Experimental and numerical investigations on cooling performance of chemical-vapor-deposited SiC deformable mirror for adaptive optics system in high-power laser radiation environments

Abstract

• A large-diameter CVD SiC U-WDM for use in AO systems utilizing an HPLR system was presented. • The cooling performance of the CVD SiC U-WDM was investigated under HPLR conditions. • Fluid-thermal-structural coupling characteristics of the CVD SiC U-WDM were analyzed. • The CVD SiC U-WDM dramatically decreased the thermal deformation to submicron scale. In an adaptive optics system combined with a high-power laser radiation (HPLR) system, the thermal deformation of a deformable mirror (DM), which is induced by high-energy irradiation, is a significant factor influencing the optical performance of the system.

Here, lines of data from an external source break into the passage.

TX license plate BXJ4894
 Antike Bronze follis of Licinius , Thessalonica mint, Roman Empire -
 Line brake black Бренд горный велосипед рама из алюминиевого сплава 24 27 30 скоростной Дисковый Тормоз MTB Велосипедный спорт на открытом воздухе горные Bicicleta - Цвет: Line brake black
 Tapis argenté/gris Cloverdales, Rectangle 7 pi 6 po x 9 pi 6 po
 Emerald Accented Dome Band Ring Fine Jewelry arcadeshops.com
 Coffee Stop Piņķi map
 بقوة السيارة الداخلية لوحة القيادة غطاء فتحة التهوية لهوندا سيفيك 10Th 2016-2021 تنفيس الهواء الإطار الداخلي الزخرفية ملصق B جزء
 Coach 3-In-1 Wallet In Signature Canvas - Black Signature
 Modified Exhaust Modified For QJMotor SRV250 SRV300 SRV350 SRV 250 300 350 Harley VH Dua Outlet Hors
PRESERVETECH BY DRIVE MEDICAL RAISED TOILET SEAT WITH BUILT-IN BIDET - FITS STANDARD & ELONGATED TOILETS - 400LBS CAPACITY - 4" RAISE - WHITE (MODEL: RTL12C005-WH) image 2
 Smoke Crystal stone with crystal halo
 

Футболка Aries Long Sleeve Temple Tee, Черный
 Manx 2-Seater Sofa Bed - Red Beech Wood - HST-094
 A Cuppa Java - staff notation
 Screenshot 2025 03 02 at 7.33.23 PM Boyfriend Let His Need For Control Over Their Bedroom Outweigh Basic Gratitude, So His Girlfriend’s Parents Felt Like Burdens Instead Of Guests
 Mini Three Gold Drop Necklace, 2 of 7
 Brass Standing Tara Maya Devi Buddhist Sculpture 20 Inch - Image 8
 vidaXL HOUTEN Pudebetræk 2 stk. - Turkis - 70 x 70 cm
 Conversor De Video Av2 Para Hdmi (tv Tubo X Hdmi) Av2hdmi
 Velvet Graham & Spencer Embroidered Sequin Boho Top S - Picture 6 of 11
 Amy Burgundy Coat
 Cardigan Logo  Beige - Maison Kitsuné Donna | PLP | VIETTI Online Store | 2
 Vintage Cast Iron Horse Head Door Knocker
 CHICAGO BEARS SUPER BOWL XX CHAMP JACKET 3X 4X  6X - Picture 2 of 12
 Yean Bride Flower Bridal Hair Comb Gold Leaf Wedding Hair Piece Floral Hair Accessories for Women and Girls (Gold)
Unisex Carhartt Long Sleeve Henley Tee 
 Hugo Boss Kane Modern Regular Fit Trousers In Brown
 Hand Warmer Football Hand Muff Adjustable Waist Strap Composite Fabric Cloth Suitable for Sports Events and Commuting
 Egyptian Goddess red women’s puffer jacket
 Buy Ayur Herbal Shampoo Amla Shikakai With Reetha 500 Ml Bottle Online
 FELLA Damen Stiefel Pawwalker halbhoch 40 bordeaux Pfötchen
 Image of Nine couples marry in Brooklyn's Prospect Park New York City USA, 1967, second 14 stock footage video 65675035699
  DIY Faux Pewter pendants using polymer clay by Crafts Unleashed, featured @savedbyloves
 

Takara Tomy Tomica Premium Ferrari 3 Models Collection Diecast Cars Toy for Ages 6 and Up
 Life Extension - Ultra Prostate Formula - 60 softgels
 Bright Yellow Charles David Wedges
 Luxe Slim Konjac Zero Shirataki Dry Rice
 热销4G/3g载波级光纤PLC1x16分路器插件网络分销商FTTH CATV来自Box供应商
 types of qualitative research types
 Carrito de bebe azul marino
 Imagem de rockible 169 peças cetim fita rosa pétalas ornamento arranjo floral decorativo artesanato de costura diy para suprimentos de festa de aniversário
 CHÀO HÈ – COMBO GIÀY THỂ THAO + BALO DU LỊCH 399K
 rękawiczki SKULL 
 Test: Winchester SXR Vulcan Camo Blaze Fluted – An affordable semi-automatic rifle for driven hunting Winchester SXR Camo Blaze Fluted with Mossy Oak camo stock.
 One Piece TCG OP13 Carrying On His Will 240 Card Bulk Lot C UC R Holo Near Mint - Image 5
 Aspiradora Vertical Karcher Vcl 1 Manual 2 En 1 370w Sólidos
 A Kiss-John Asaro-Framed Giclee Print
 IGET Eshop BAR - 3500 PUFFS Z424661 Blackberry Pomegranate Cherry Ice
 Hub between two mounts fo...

In particular, the thermal deformation of the DM with a large diameter of more than a few hundred millimeters should be controlled to be on the order of 1 μm in various HPLR environments. To satisfy these challenging criteria, we experimentally and numerically investigated the cooling performance of a large-diameter water-cooled DM (WDM) with U-shaped cooling microchannels (U-WDM) made of chemical-vapor-deposited SiC, which was designed first in our previous research. The fluid-thermal-structural coupling characteristics of the U-WDM were verified and analyzed through the verification process. In addition, the fluid-thermal-structural coupling characteristics of the DM and U-WDM were compared and analyzed by applying four different HPLR conditions: annular, circular, holed-square, and square beams. Under all the HPLR conditions, the comparative study demonstrated that the U-WDM had dramatic cooling performance, reducing the thermal deformation by more than 85% compared to that of the DM and achieving submicron-scale thermal displacement, which was lower than the targeted actuator deformation limit of 1.3 μm.